For a training at my job at a community college tutoring center, I recently read “Struggling Students Can Improve By Studying Themselves,” from the Chronicle of Higher Education (gated link here). My training required that I write a journal response to the article. Long experience has taught me to adopt a diplomatic approach with my bosses, so I eschewed criticism of the article and instead essentially summarized its main points in the journal response I submitted.
But while I’m diplomatic in order to survive as an employee, I’m also critical in order to live as a rational animal. So here’s a summary of the article and what I actually think of it.
“Struggling” presents a supposed-breakthrough in pedagogical research which finds that students perform better when they 1-receive immediate, specific feedback on their performance, 2-have to respond to that feedback to show that they understood it, and 3-are “coached” to “think critically about their own studying.”
Short version of my actual response:
Duh. How is this not basic, common knowledge among educators? What are students paying tuition for if not critical engagement?

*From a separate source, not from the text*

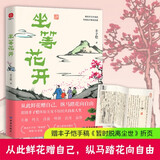 【赠《暂时脱离尘世》折页】坐等花开 丰子恺手稿 散文精选 超大体量全彩漫画插图 央视、新华网、人民日报等主流媒体盛赞 文学散文随笔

Longer version of my actual response:
The SLR strategy described in this article makes a lot of sense to me and agrees with my previous training as a tutor. SLR is similar to “metacognition,” the practice of thinking about thinking and learning about learning, which is basic to progressive education.
By “progressive education,” I mean a pedagogy in which students and teacher(s) are peers and co-learners–that is, the Socratic method. The teacher’s role is to facilitate a critical discussion of the subject material, e.g. raising such questions as “What is the overall idea of this text? What are some competing explanations or alternative ways of thinking about it, and how do they compare with this one? What kind of assumptions do we and/or the text bring with us, and how might those assumptions be challenged? How does this text frame the issue, and who benefits from that framing?” The teacher’s expertise is helpful insofar as she acts as a sort of guide as the conversation traverses the territory of its subject matter. For instance, she might jump in as two factions begin a heated debate and say, “Hold on. Rhonda is saying X, and Terrence is saying Y. The same dispute exists between Plato and Aristotle, when they argue over Q vs. R. Given this larger perspective, how can we reframe your disagreement in a way that leads to productive engagement?” Still, her expertise is secondary: the students have smartphones or at least library cards, and they can look up whatever info they need without too much help. According to the progressive or Socratic model, then, the real value of a teacher is not in her knowledge but in her ability to model and facilitate thoughtful, critical discussion. And of course an integral part of such discussion is self-reflection: “Why and how are we learning about this?”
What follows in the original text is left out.